▶ **Dataset extract**

·····

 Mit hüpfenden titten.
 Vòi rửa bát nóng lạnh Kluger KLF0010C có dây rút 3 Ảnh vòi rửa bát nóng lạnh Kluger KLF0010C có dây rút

·····

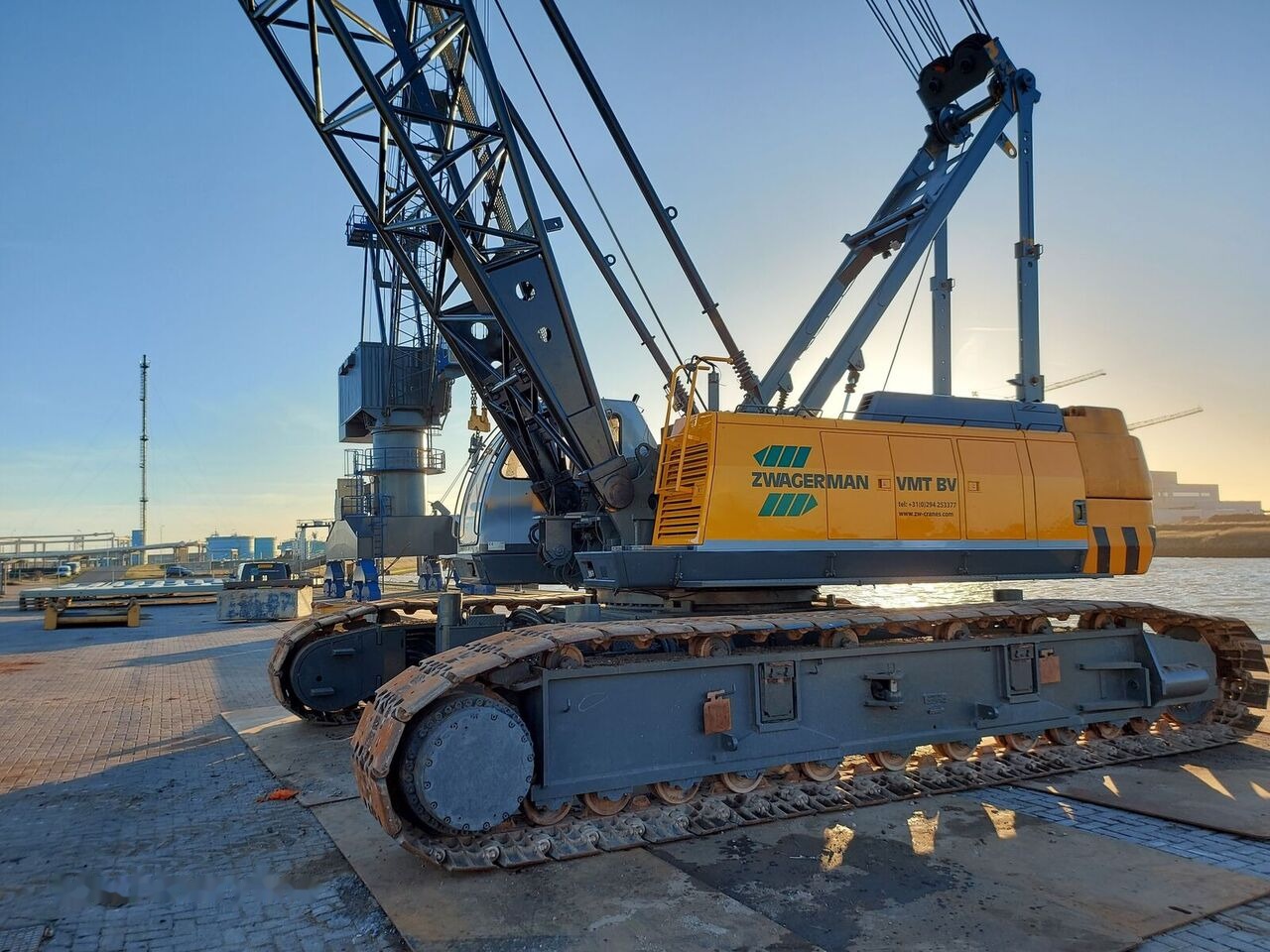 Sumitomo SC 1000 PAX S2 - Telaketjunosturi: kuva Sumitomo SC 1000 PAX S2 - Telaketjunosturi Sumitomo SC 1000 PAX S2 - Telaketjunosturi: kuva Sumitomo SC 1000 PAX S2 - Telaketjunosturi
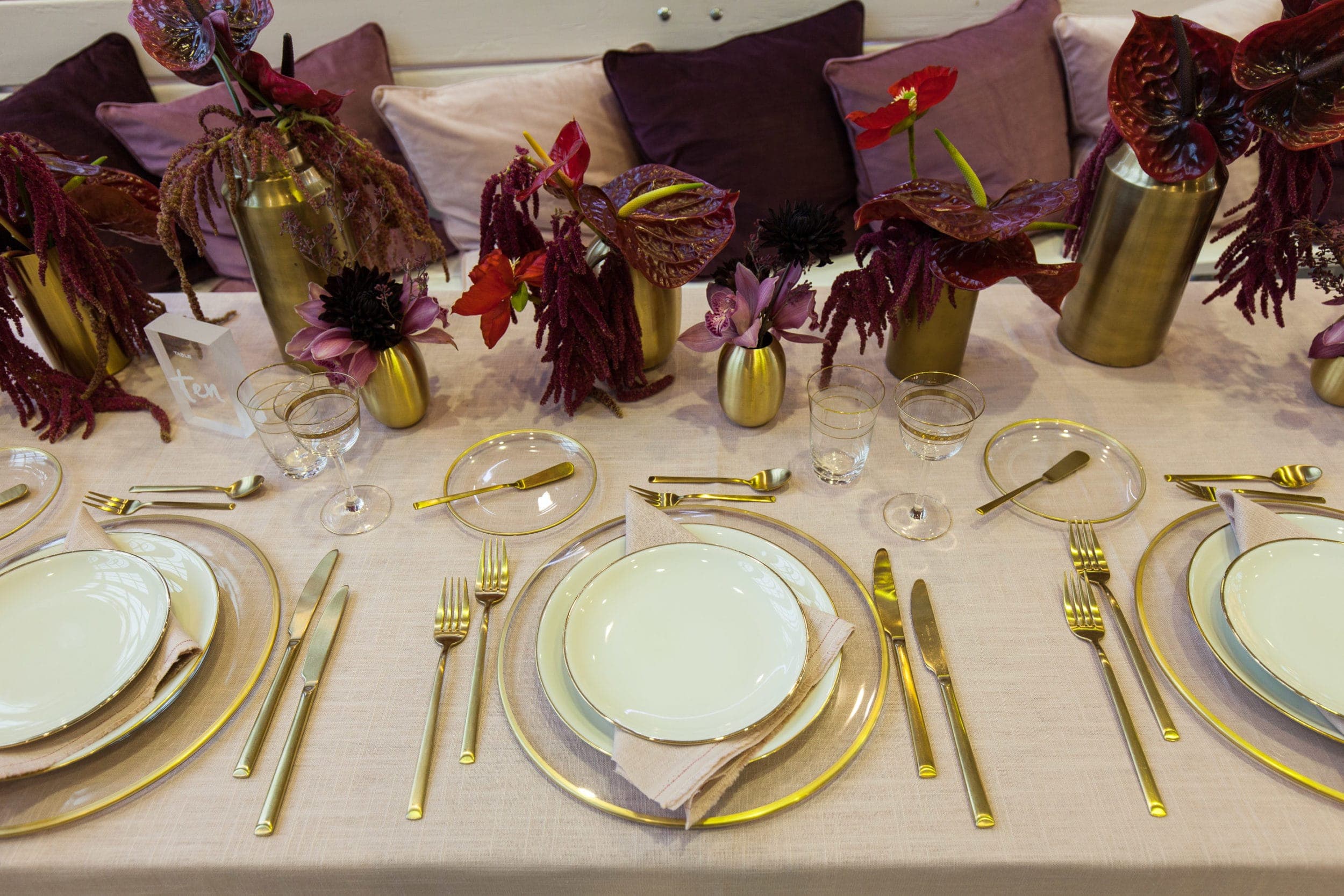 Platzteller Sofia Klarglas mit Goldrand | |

·····

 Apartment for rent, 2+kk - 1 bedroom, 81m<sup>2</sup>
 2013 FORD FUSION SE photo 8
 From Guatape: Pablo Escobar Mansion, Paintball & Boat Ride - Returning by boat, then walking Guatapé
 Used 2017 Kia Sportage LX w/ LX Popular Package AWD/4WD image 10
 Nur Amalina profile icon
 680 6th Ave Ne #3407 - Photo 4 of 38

·····

▶ **Aim of the exercise**
Print exactly the lines above from the one with "Apartment for rent, 2+kk" to the one with "680 6th Ave Ne #3407 - Photo 4 of 38", including both.

▶ **Written solution**
 Apartment for rent, 2+kk - 1 bedroom, 81m<sup>2</sup>
 2013 FORD FUSION SE photo 8
 From Guatape: Pablo Escobar Mansion, Paintball & Boat Ride - Returning by boat, then walking Guatapé
 Used 2017 Kia Sportage LX w/ LX Popular Package AWD/4WD image 10
 Nur Amalina profile icon
 680 6th Ave Ne #3407 - Photo 4 of 38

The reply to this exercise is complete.